Quest’estate 2021, oltre a incendi, alluvioni e caldo vicino ai 50 gradi, è anche la stagione della ripresa, la prima dopo due anni di chiusura, e quindi viviamo anche l’epopea dei dibattiti pubblici, presentazioni di libri, di autocelebrazioni, di annunci di progetti sostenibili, di una farsesca virata ecologica. Nella realtà siamo ancora all’anno zero delle scelte forti, delle controversie, delle nuove tecnologie. Ho partecipato anch’io a quest’orgia collettiva di parole e buoni sentimenti, ma non ho ascoltato due cose base per favorire veramente la cosiddetta “transizione ecologica”. La prima dovrebbe essere una sorta di autocritica, una pratica molto importante prima di iniziare un nuovo corso. Mai sentito nessun politico o para-ambasciatore esclamare: scusate non avevo capito, oppure avevo sottovalutato il problema, anzi non me lo ponevo per niente e amavo tutto il consumismo al suo più alto livello.
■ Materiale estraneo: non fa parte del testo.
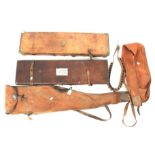 Two vintage leather gun cases, two gun sleeves and a leather cartridge belt.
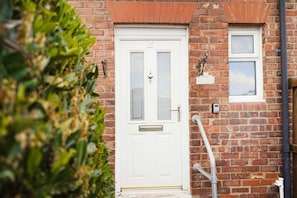 A white door with a number plate, a small window with a welcome sign, and a metal pipe on the brick wall. - Modern 3BR Washington Sleeps 6 by Stay With Us (Washington)
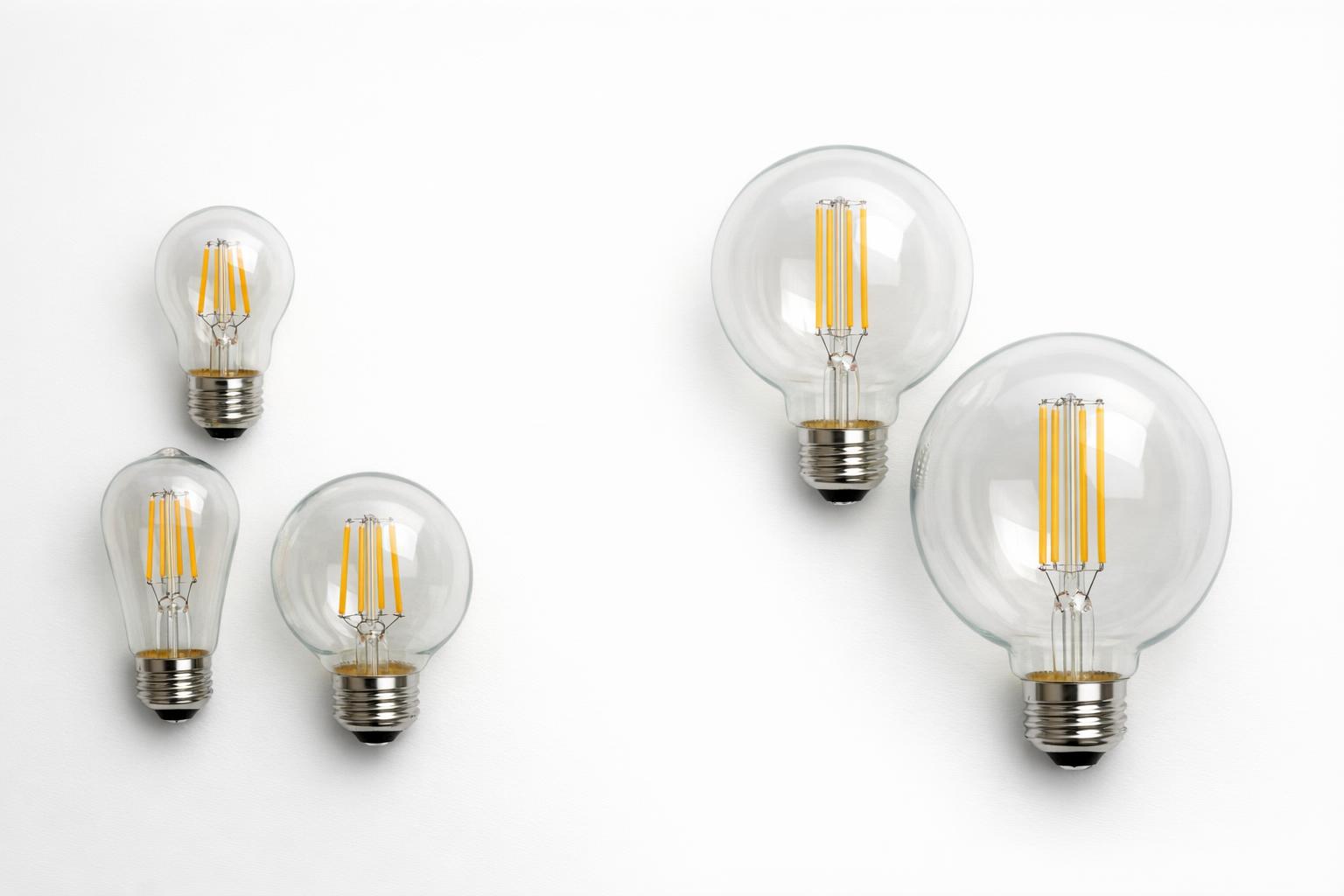 LED filament bulbs grouped by standard and large specialty glass shapes on a white table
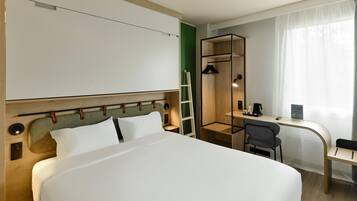 Una camera d'albergo con un letto, una scrivania, una sedia, una scala e un piccolo ripiano con una macchina del caffè e un cartello.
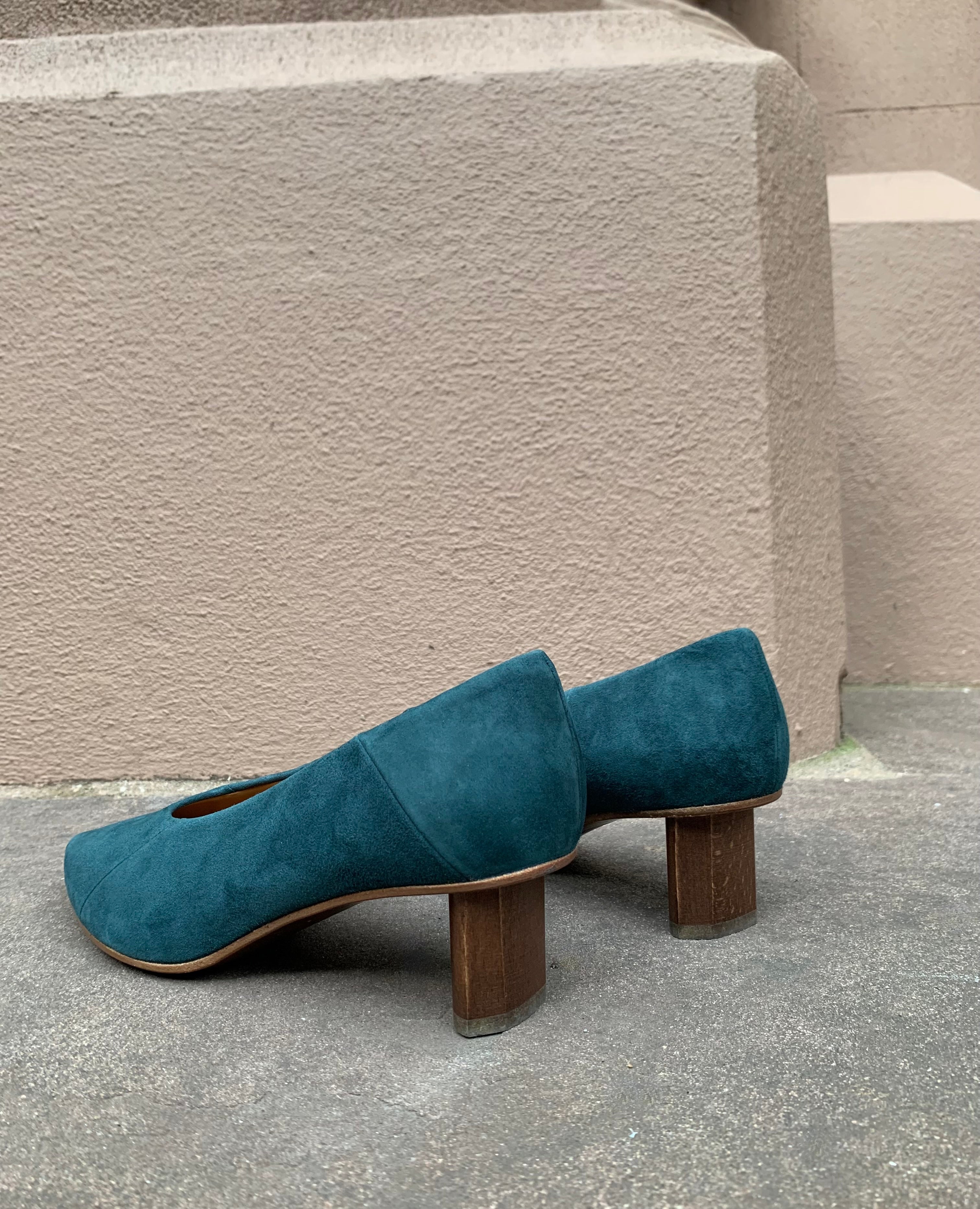 Cose up of the Coclico Wumo Heel in Bottle suede featuring the oval shaped solid wood heel with a hand-painted chestnut finish.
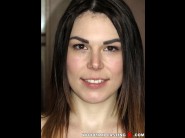 Jessica bell is sited on a sofa, legs appart and looking at you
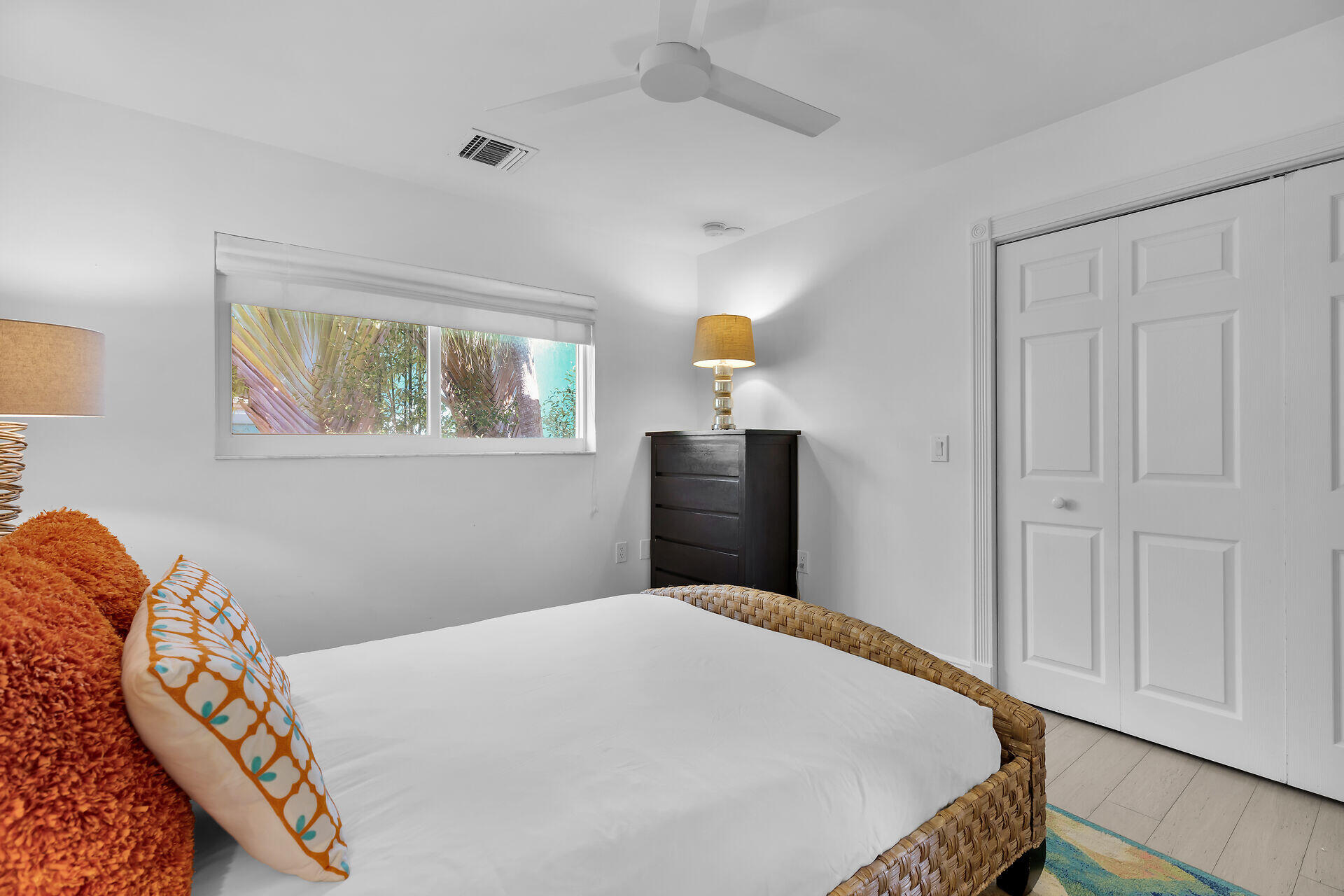 125 13th Street Key Colony Beach, FL 33051 - Photo 36 of 56 a bedroom with a bed and wooden floor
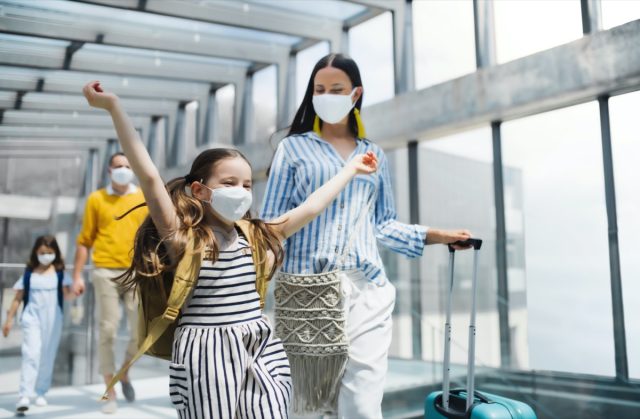 A family with two children wears a mask and goes on vacation at the airport.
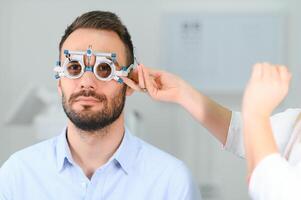 oogheelkunde concept. mannetje geduldig onder oog visie examen in gezichtsvermogen oogheelkunde correctie kliniek foto
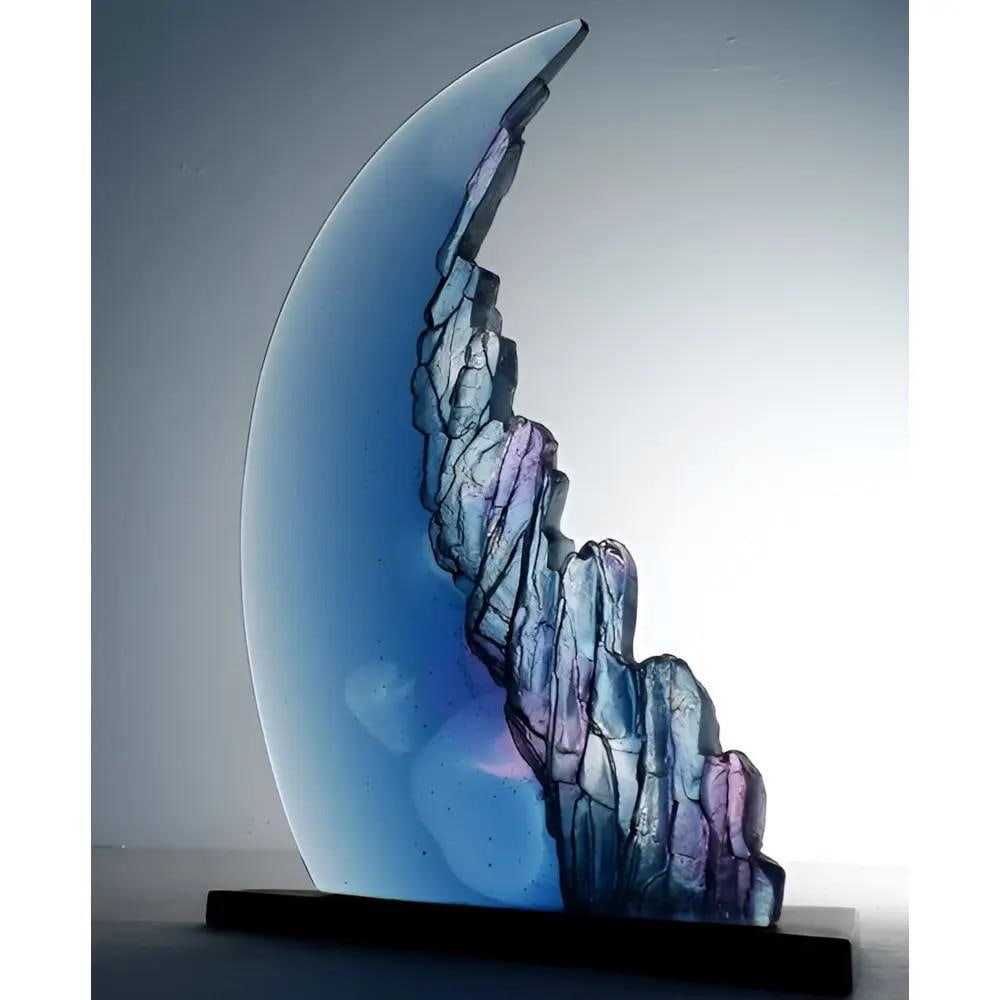 Blue Moon' Glass Sculpture by Crispian Heath: 'Blue Moon' Glass Sculpture by Crispian Heath Crispian Heath’s Blue Moon Sculpture captures the essence of an azure sea with craggy textures and seamless design, blending the ethereal beauty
Mai ascoltato un sindaco, un parlamentare o un baciapile parapolitico affermare: da domani stop alle lottizzazioni, stop alle strade inutili, stop alle discariche abusive, basta con le mafie degli appalti e dei rifiuti. Mai sentito nessuno dire: facciamo riposare il pianeta, invece di correre come pazzi, blocchiamo per due settimane all’interno delle città il traffico automobilistico privato, blocchiamo per almeno un anno le barche dei diportisti inutili (quelli dei motoscafi) e così via. Finché non sentirò pronunciare queste parole non crederò che sia stia invertendo la rotta, continuerò a pensare che sia in corso solo un’evoluzione lessicale, un linguaggio più idoneo, ma nessun intervento concreto. La Penso come Greta Thunberg, che fra l’altro in questi mesi ha ricevuto il pieno sostegno del Club di Roma.

L’evoluzione ecologica dell’homo sapiens passa attraverso i nostri comportamenti individuali ma soprattutto attraverso accordi tra governi, leggi più chiare e finalizzate, una cultura di base diffusa dalle scuole di ogni ordine e grado. Il tutto mentre nel luglio 2021 qualche miliardario si costruisce un bel razzo a forma del suo pene e decide di andare nello spazio solo per fare turismo (il biglietto costerebbe circa 25 milioni di euro). Così per gioco, tanto per inquinare anche la stratosfera.